Встала и Лукерья. Затопталась нерешительно: понимала, что пора уходить, но расставаться с Тимофеем не хотелось. Она и сама не знала, как и когда он стал для неё родным человеком, крепко запал в душу. Каждое его появление вызывало в ней радость и тайное волнение. Истосковавшееся по ласке сердце чутко отзывалось на тёплый, добрый взгляд, его заботу о детях, наполняя Лукерью добротой и надеждой. Она жалела Тимофея, понимая безысходность его судьбы, но не чувствовала в нём надлома и усталости. Рядом с ней был крепкий, закаленный невзгодами казак.

«Как дуб... — подумалось ей, — такой всё выдюжит...» — прямо и ласково взглянула ему в глаза:

— Ты, Тимофей, береги себя... И сынов береги. Господь милостив, он всё видит...

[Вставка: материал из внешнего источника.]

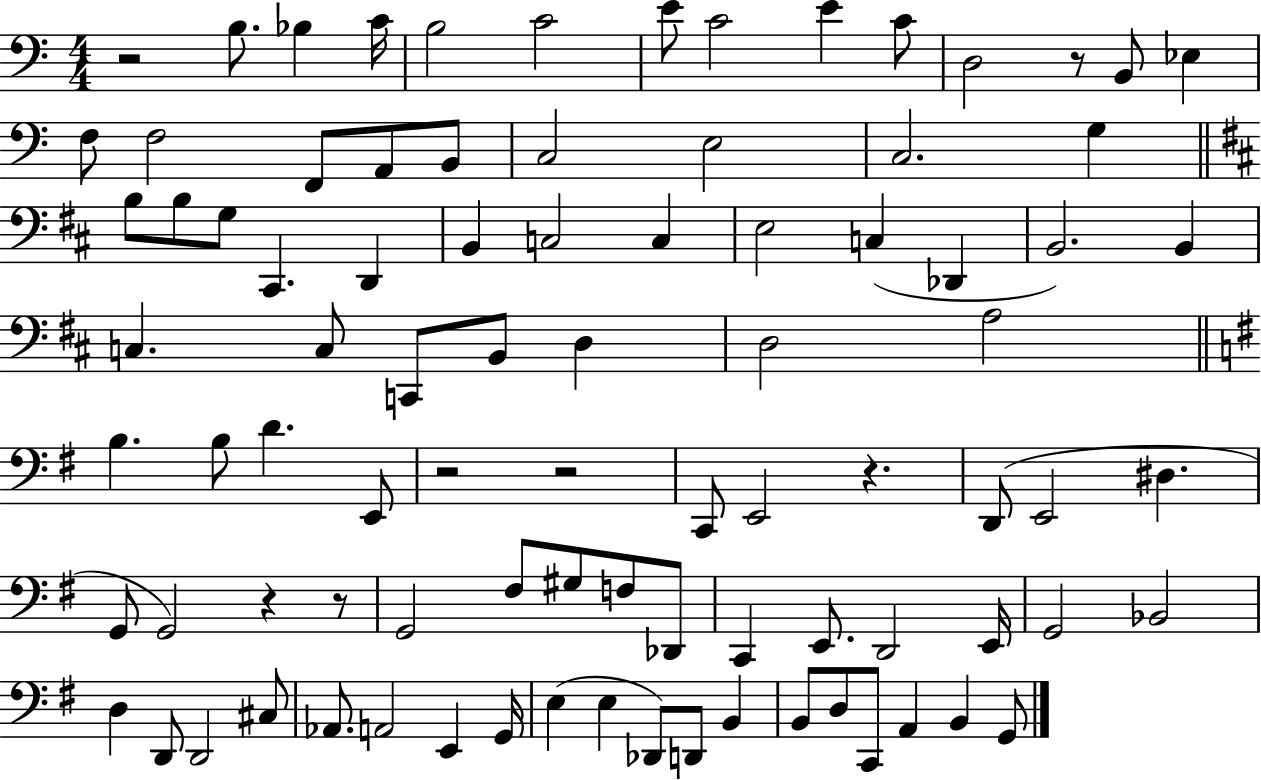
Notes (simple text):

R/h B3/e. Bb3/q C4/s B3/h C4/h E4/e C4/h E4/q C4/e D3/h R/e B2/e Eb3/q F3/e F3/h F2/e A2/e B2/e C3/h E3/h C3/h. G3/q B3/e B3/e G3/e C#2/q. D2/q B2/q C3/h C3/q E3/h C3/q Db2/q B2/h. B2/q C3/q. C3/e C2/e B2/e D3/q D3/h A3/h B3/q. B3/e D4/q. E2/e R/h R/h C2/e E2/h R/q. D2/e E2/h D#3/q. G2/e G2/h R/q R/e G2/h F#3/e G#3/e F3/e Db2/e C2/q E2/e. D2/h E2/s G2/h Bb2/h D3/q D2/e D2/h C#3/e Ab2/e. A2/h E2/q G2/s E3/q E3/q Db2/e D2/e B2/q B2/e D3/e C2/e A2/q B2/q G2/e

Захотелось обнять его, прильнуть к груди, но она устыдилась своих чувств и опустила голову, скрывая румянец:

— Пора мне...

— Я, Луша, там, в кустах, оклунок с пшеном лопухами поприкрыл. Ты, как стемнеет, забери. И не забудь, о чём я тебя просил...

— Откель у тебя пшено?

— Это моя забота. Ты детей корми. Не дай им с голоду пухнуть, — улыбнулся Тимофей и так же, как в прошлый раз, не прощаясь, скрылся в камышах.

«Появляется так неожиданно и уходит, словно его и не было вовсе...» — горько усмехнулась Лукерья. Забыв о неполитых грядках, поднялась по тропинке к куреню, прислушалась. Детские визги и смех доносились с речки. «Ещё не накупались», — оставив на крыльце вёдра, поспешила в горницу к сундукам.

 Быстро перебрала слежавшееся бельё, пахнущее нафталином. Отобрала несколько исподних юбок и белых головных платочков. Подумав, вытащила из-под самого низа белые подштанники Захара и две его рубахи. Сложила всё на старую шаль и, связав в узел, тяжело вздохнула, отмечая, как поубавилось содержимое сундуков. Но она не колебалась. Быстро подхватила узел и унесла в сарай, чтобы вечером, тайком от детей, отнести к реке.